▸ Work required
From the entries below, output the line with "Happy boys in school uniform on background" and each following line up to and including the line with "Adema band members visit a wounded Soldier", exactly as written.

▸ Material to process
--------------------------------

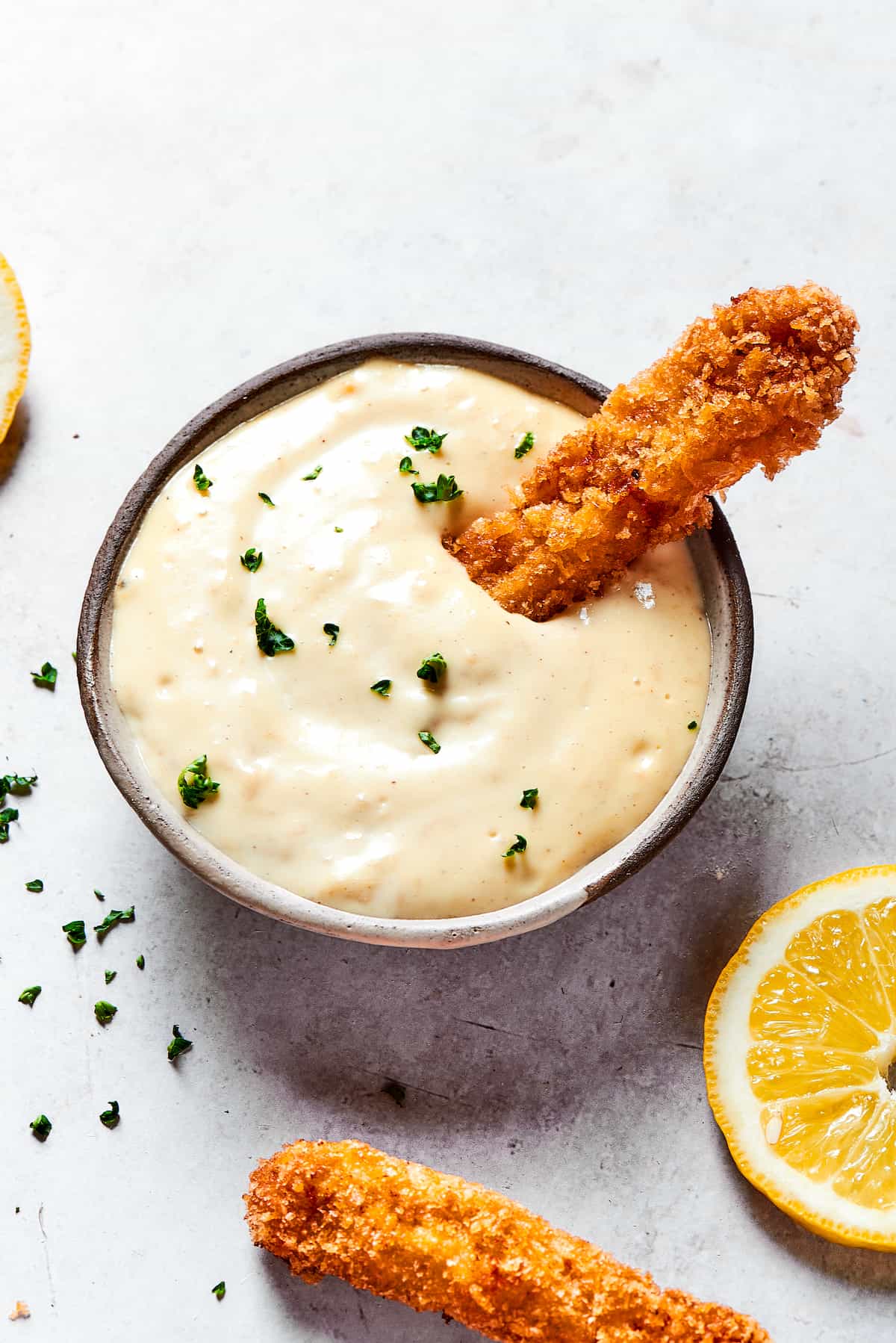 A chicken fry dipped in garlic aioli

--------------------------------

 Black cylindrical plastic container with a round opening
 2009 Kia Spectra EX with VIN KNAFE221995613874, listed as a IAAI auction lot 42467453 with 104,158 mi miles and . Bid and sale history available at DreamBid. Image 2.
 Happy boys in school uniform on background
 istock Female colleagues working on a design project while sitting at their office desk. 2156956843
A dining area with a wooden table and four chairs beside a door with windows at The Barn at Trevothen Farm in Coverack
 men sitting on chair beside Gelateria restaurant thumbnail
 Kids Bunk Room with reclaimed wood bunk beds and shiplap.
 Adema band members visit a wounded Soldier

--------------------------------

▸ Written answer
 Happy boys in school uniform on background
 istock Female colleagues working on a design project while sitting at their office desk. 2156956843
A dining area with a wooden table and four chairs beside a door with windows at The Barn at Trevothen Farm in Coverack
 men sitting on chair beside Gelateria restaurant thumbnail
 Kids Bunk Room with reclaimed wood bunk beds and shiplap.
 Adema band members visit a wounded Soldier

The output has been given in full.